_Task item_. Using the data below, show every line where the word "petit" occurs.

_Source data_.
=-=-=-=-=

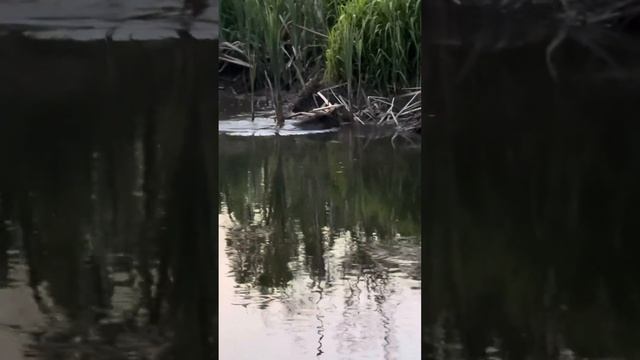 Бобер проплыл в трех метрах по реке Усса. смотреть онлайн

=-=-=-=-=

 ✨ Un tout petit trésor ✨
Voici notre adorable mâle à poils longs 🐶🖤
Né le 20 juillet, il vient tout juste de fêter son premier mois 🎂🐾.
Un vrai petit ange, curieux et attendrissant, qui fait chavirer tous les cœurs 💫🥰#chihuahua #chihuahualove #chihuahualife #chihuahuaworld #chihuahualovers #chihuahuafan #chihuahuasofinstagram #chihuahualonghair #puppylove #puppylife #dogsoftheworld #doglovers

=-=-=-=-=

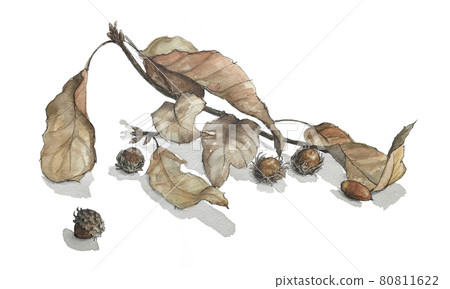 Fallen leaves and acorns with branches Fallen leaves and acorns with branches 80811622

=-=-=-=-=

_Response_.
 ✨ Un tout petit trésor ✨
Un vrai petit ange, curieux et attendrissant, qui fait chavirer tous les cœurs 💫🥰#chihuahua #chihuahualove #chihuahualife #chihuahuaworld #chihuahualovers #chihuahuafan #chihuahuasofinstagram #chihuahualonghair #puppylove #puppylife #dogsoftheworld #doglovers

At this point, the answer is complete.